Sensor justru bisa berfungsi sebagai propaganda. Propaganda dalam arti klasik dipahami sebagai wacana yang berusaha mengonstruksi suatu kebenaran palsu dengan memproduksi fakta atau menyembunyikan.

1.6 Tiga Syarat Kemungkinan Etika Komunikasi

Setidaknya ada tiga pertimbangan mengapa penerapan etika komunikasi semakin mendesak (Boris Libois, 1994: 3): pertama, media mempunyai kekuasaan dan efek yang dahsyat terhadap publik; kedua, etika komunikasi merupakan upaya untuk menjaga keseimbangan antara kebebasan berekspresi dan tanggung jawab; ketiga, mencoba menghindari sedapat mungkin dampak negatif dari logika instrumental.

Suatu skema dasar agak abstrak dan ideal, tetapi memberi kriteria yang jelas, bisa diambil dari teori tindakan komunikasional Habermas. Menurut filsuf Jerman ini, konsep aktivitas komunikasional mengandaikan bahasa sebagai medium dalam proses saling pemahaman. Model tindakan ini mengandaikan para partisipan berupaya untuk mencapai tujuan demi kesepahaman dan mengerahkan potensi rasionalitasnya agar dapat memenuhi tiga pendakuan kebenaran: kebenaran pernyataan, ketepatan rumusan tindakan yang legitim dan konteks normatifnya, serta ketulusan komunikasi pengalaman yang dihayati secara subjektif.

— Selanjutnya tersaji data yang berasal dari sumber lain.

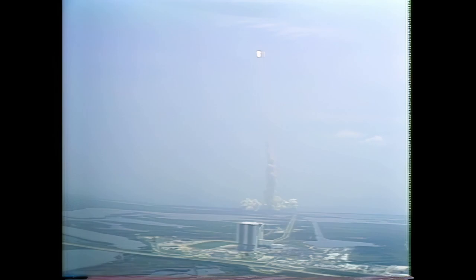Three engines throttling down to 65%, passing through the period of maximum aerodynamic pressure. 45 seconds.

Meskipun tampak terlalu ideal, gagasan Habermas menyumbang pengembangan etika komunikatif dengan memberi kerangka normatif yang menunjukkan bahwa masih dimungkinkan produksi informasi yang benar. Kerangka normatif ini menjadi semacam infrastruktur yang ikut menentukan kualitas infromasi yang dihasilkan.